Rutger Hauer is Abraham Van Helsing in Dracula 3D .
That, sadly, is not the case with the latest film by this 72-year-old Italian director. In Dracula 3D, which is showing this Saturday at 10pm as part of the Italian Film Festival, the Roman schlockmeister takes on the canon of classic horror without actually vamping it up in any eye-popping way.
The 3D is plain, the vampiric Count (Thomas Kretschmann) is less a menace than a joyless joke, and the Gothic dread is low-key at best. The director's daughter, Asia Argento, shows up as Lucy, the saucy girl, and later as a thirsty ghost who can be subdued only by Abraham Van Helsing's pointy stake, down in that mouldy catacomb. Jonathan Harker comes across as a charmless dumb boy, and his wife, Mina, narrowly avoids her fate as the Transylvanian corpse bride.

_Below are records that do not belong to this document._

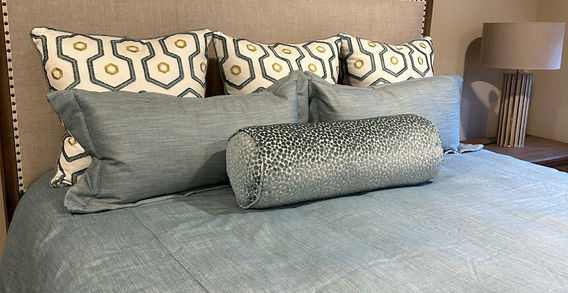 Custom bedding ensemble with teal and gold solids, geometric and animal print, including duvet cover, shams, bolster, and euro pillows by Rideaux Designs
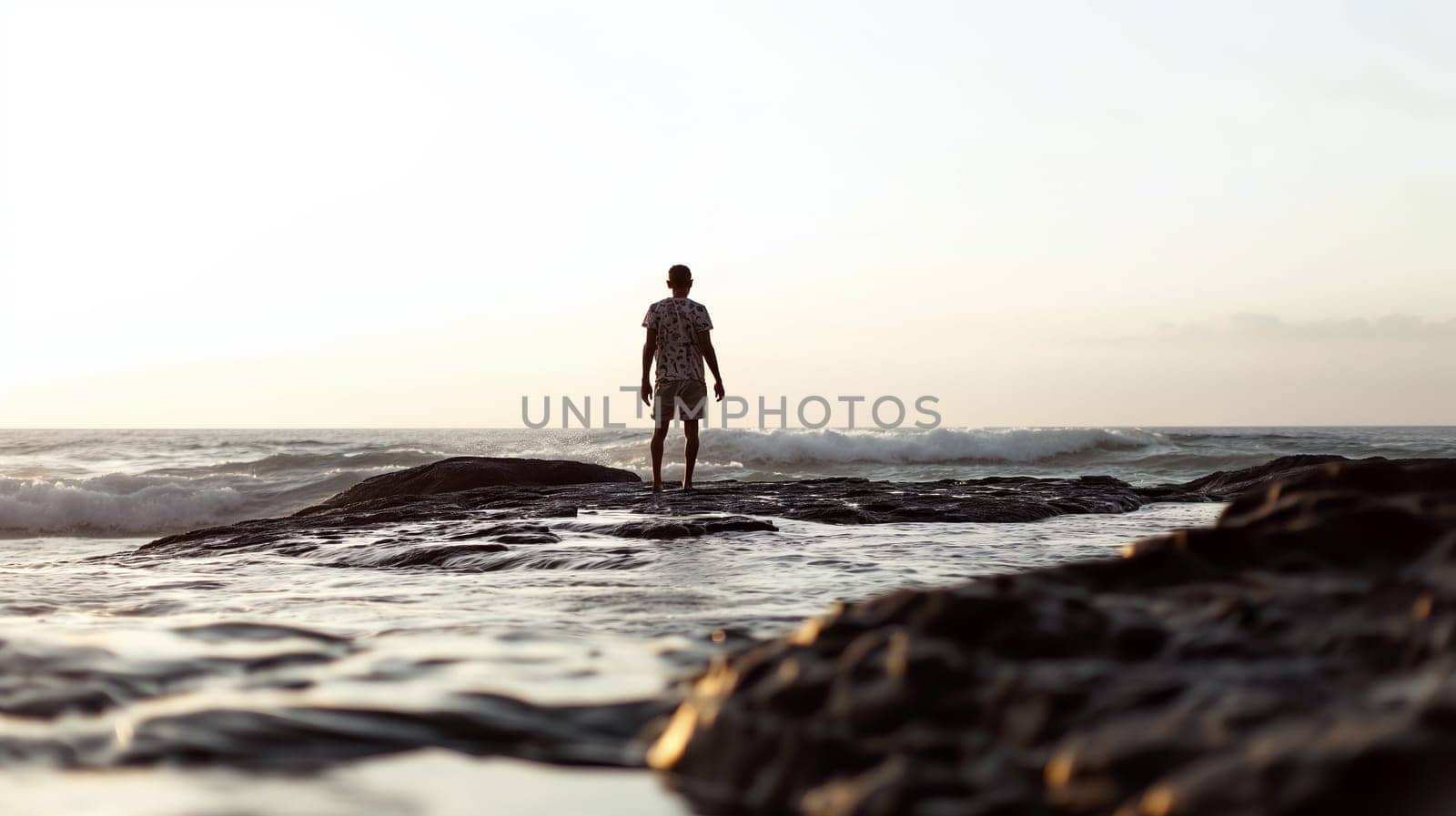 A lone man is captured walking on the wet rocks beside the ocean waves, with the sunset casting a soft glow in the background - Generative AI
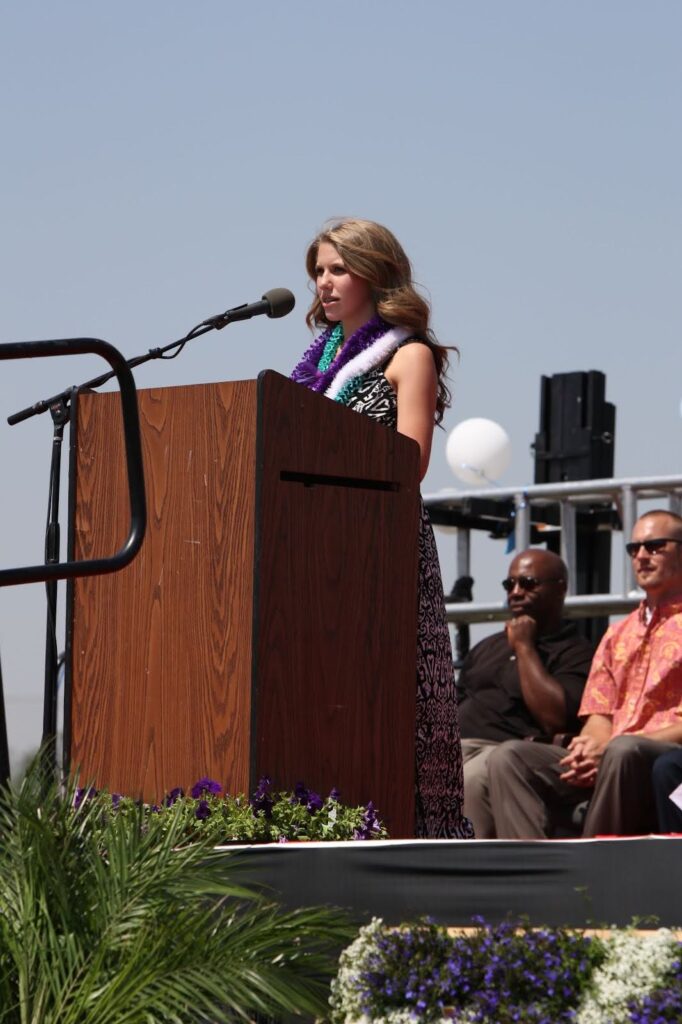Speaker addressing an audience from a podium at an outdoor ceremony.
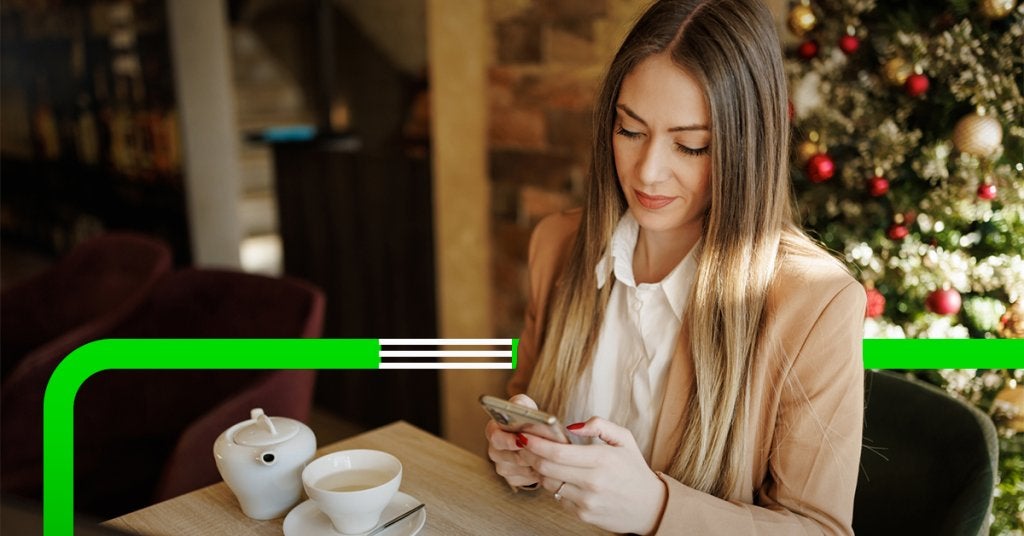 Mujer de negocios trabajando desde una cafetería decorada para Navidad, simbolizando la importancia del bienestar y la experiencia del viajero.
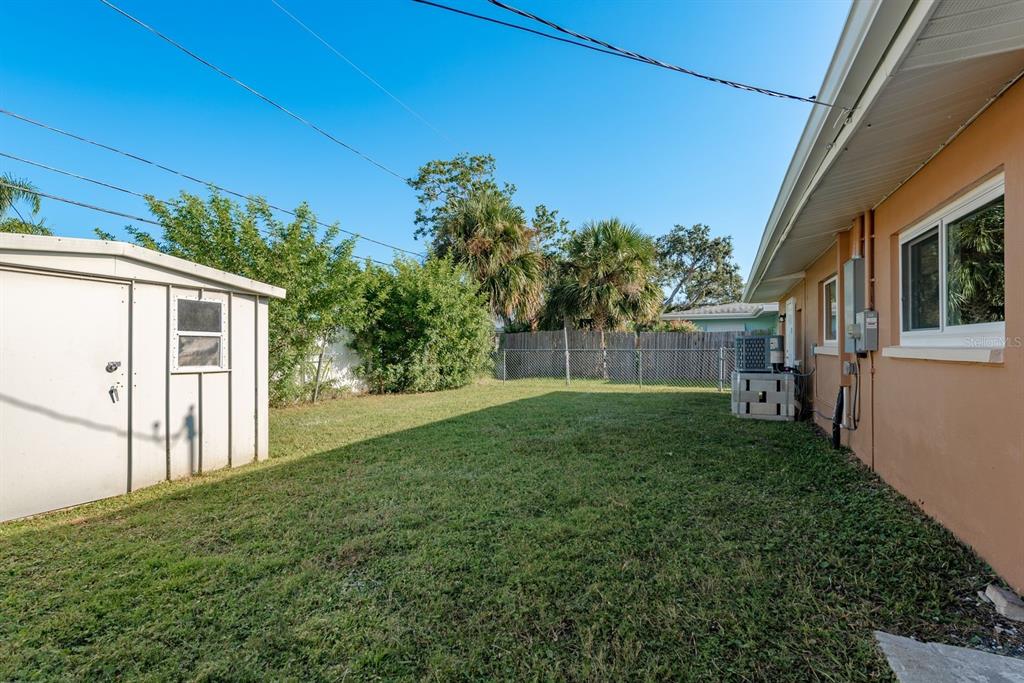 2480 Del Rio Way Dunedin, FL 34698 - Photo 25 of 35 a view of a back yard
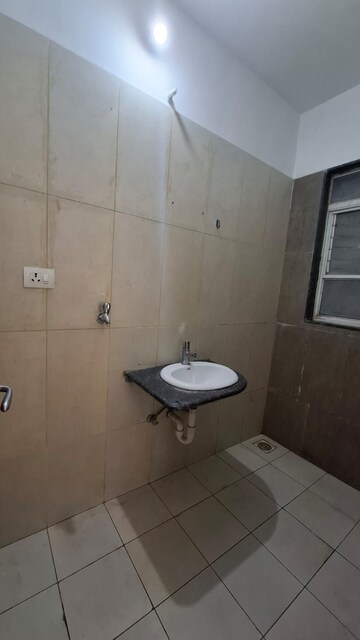 Bathroom in 1 BHK Apartment at Kolte Patil Life Republic Arezo, Hinjewadi – for Rent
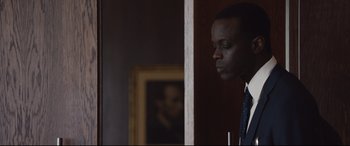 Movie still from “Jason Bourne” (2016), directed by Paul Greengrass – A man standing in front of a painting in a dark room; Close Up shot, Over the shoulder angle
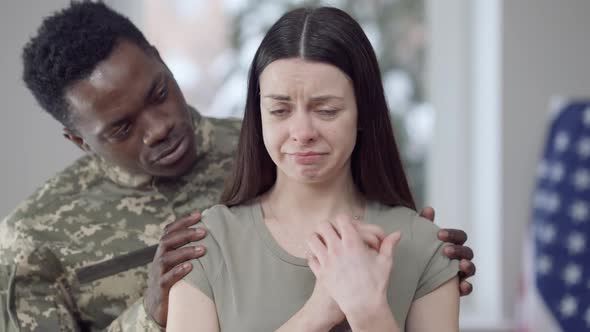 Portrait of Crying Young Beautiful Caucasian Woman with African American Military Man Calming Down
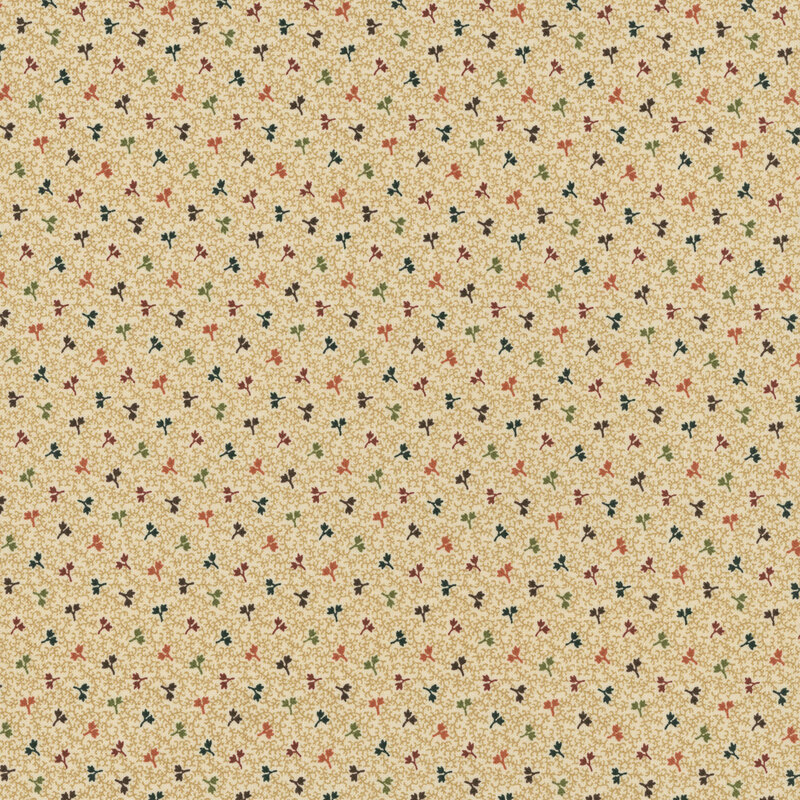beige fabric featuring stylized tonal tan vines with scattered burnt orange, brown, sage green, navy blue, and burgundy leaves
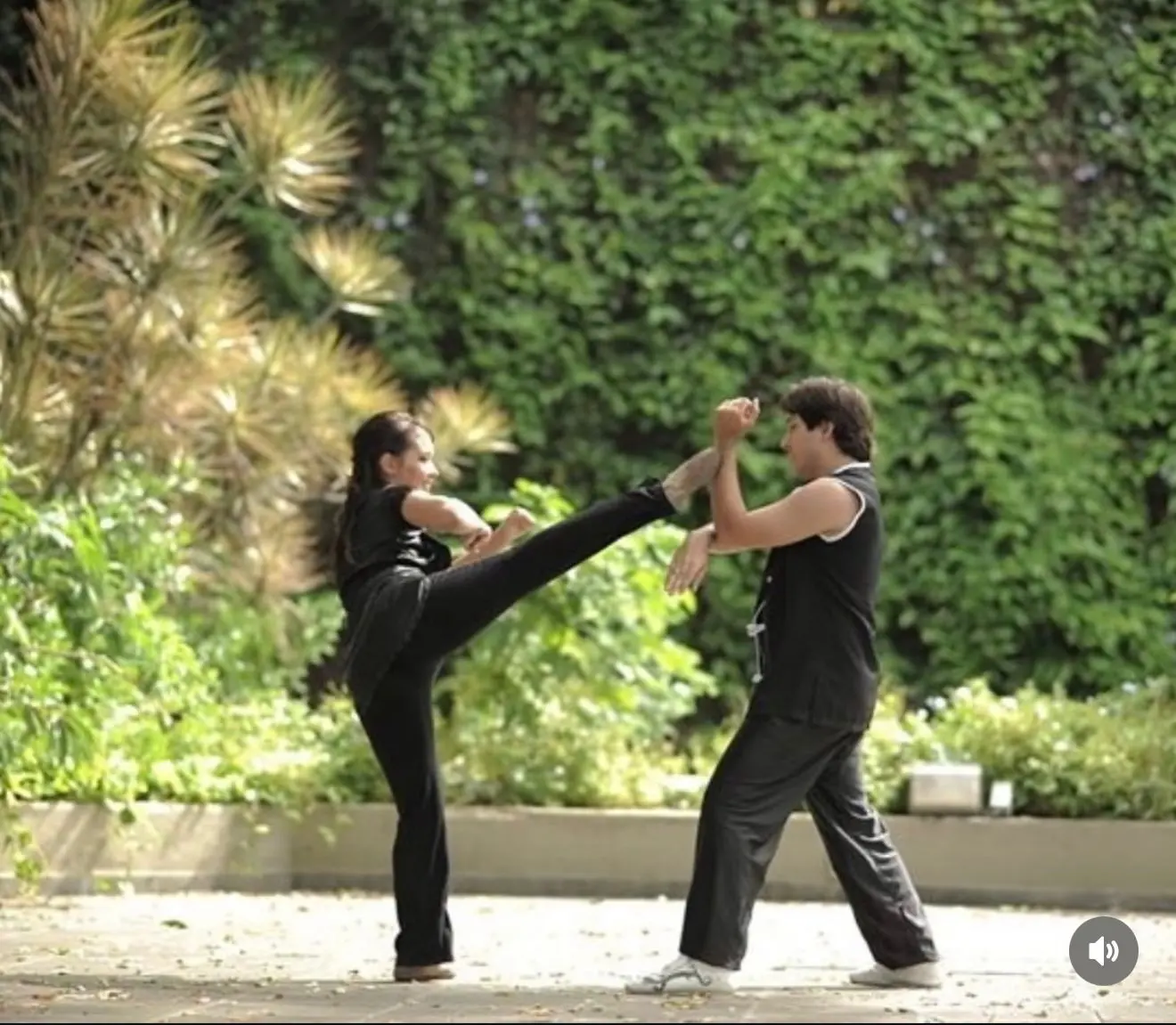 Na imagem, fotografia em plano inteiro mostra um homem e uma mulher praticando artes marciais em um espaço ao ar livre com piso de pedra. À esquerda, a mulher está de perfil, equilibrada em uma perna só, enquanto executa um chute alto lateral com a perna direita estendida em direção ao homem. Ela veste uma blusa e calça compridas, ambas pretas. À direita, o homem está posicionado de perfil para ela, em uma base firme com os joelhos levemente flexionados, usando os antebraços erguidos para bloquear o chute. Ele veste um traje tradicional de treino preto sem mangas com detalhes em branco e calças pretas folgadas. O cenário ao fundo é composto por uma parede densamente coberta por uma trepadeira verde e, à esquerda, arbustos e plantas ornamentais de tons esverdeados e amarelados sob a luz do dia. No canto inferior direito da imagem, há um pequeno ícone cinza de alto-falante.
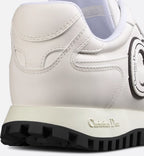 C'est Sneaker – the white calfskin is elevated on either side of the upper by black and white rubber – LUX VERSE Luxury Designer Fashion Outlet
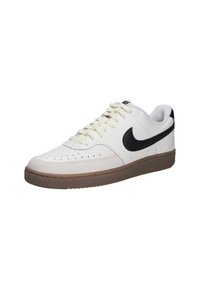 Zapatillas de cuero blancas con un swoosh negro, que cuentan con una suela de goma texturizada en color beige y una puntera perforada para mayor transpirabilidad. Cordones crema incluidos.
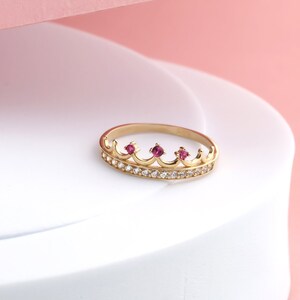 May include: A gold crown ring with three pink gemstones and a row of clear cubic zirconia stones.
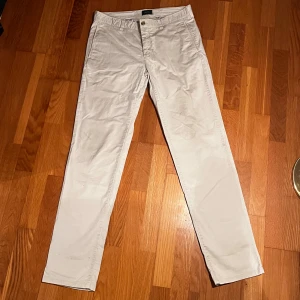 Beige chinos - Snygga beige chinos med normal passform och midwaist. Byxorna har en klassisk design med knappar och dragkedja framtill. Perfekta för en stilren look.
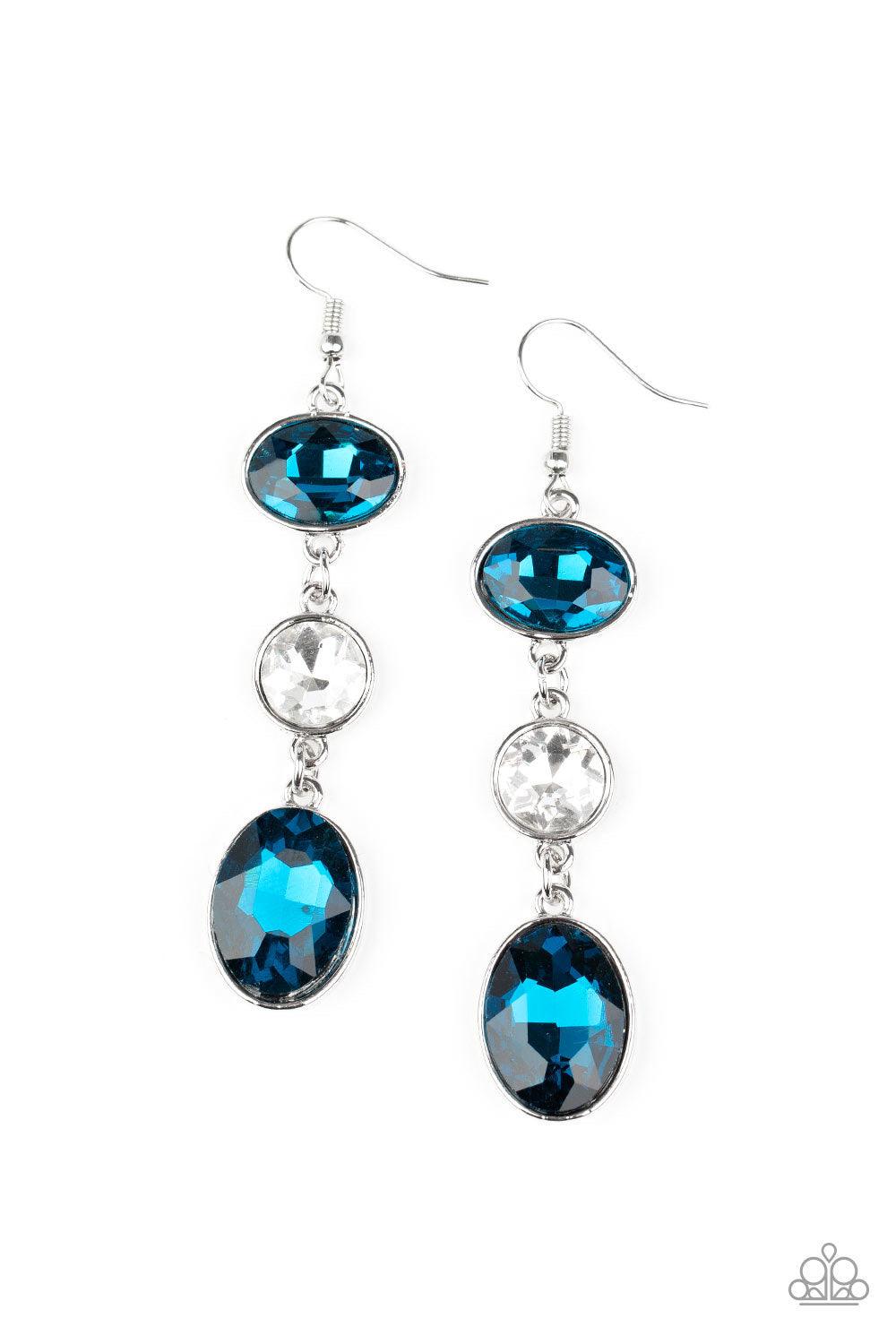 Paparazzi Accessories The GLOW Must Go On! - Blue Encased in sleek silver frames, mismatched blue oval and round white rhinestones trickle from the ear, creating an elegant lure. Earring attaches to a standard fishhook fitting. Sold as one pair of earring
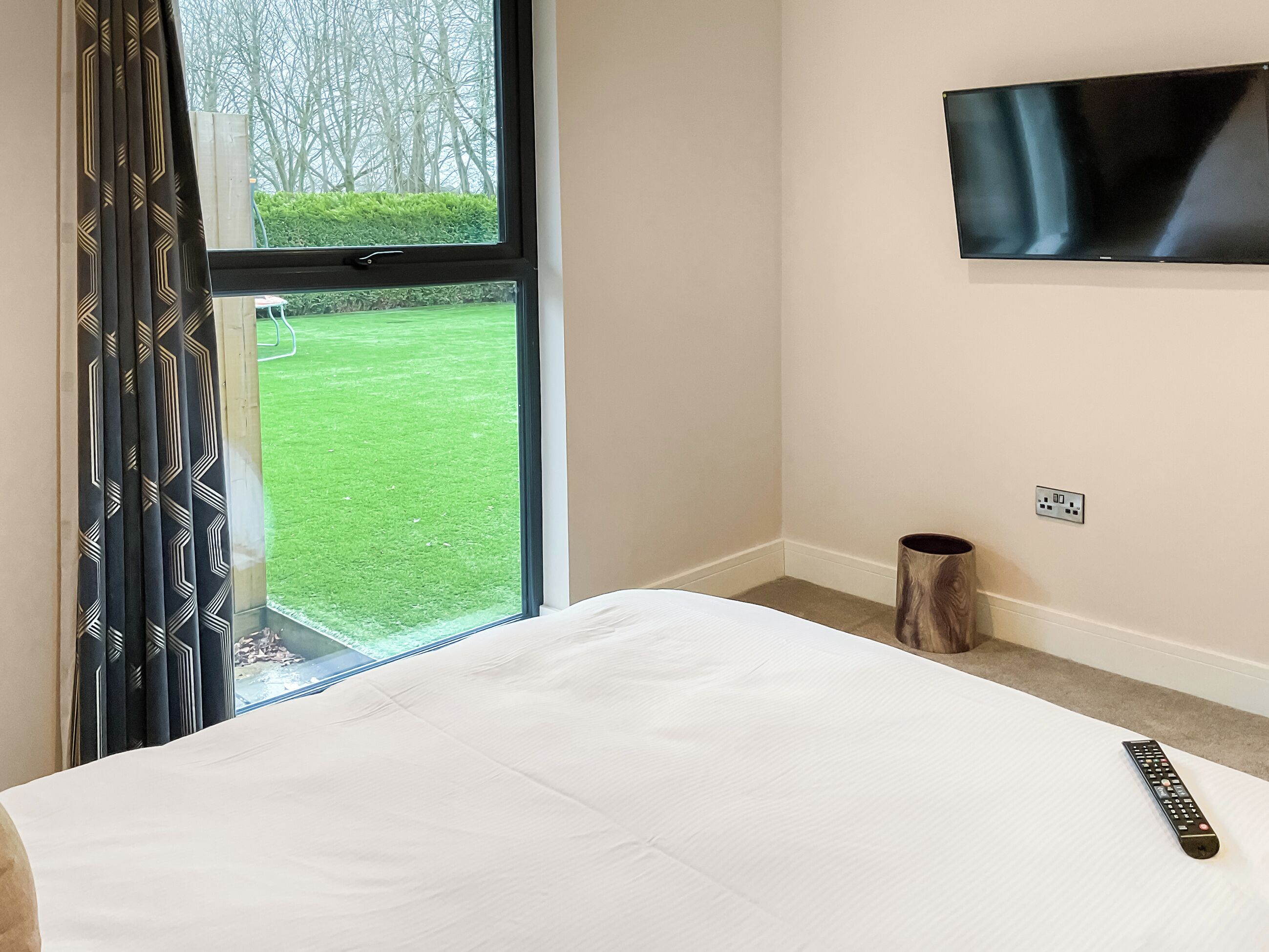 Ein Hotelzimmer mit Bett, Wand-Fernseher, Fenster mit Vorhängen und einer kleinen Mülltonne.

That's pretty much what Bram Stoker wrote _ but behold, mere mortals, for there's also a giant preying mantis terrorising this Carpathian hamlet! As Dracula has become a pop-culture artifact over the years of many adaptations and vandalism, Argento won't leave the much-told tale unmarked by his own stamp of creative lunacy.
And yet, despite all of that, I suspect that the Saturday screening will be choc-full. Argento's kitschy, B-movie appeal is far from its best here, but any amount of kitschy, B-movie appeal is what people will expect to see, to laugh with or laugh at _ if not for its literal quality, then for the ironic, post-whatever knowingness on our part.
We know it's bad, that's why we'll watch it _ and even sincerely enjoy it. For me, besides Argento's daughter, ever a joy to watch, it's Rutger Hauer as Van Helsing, the vampire hunter as nutty as his target, that gives me consolation. No delirious nightmare here, only fake blood, barnyard sex and constant giggles. And that's probably sufficient for a late-night screening in crazy Bangkok.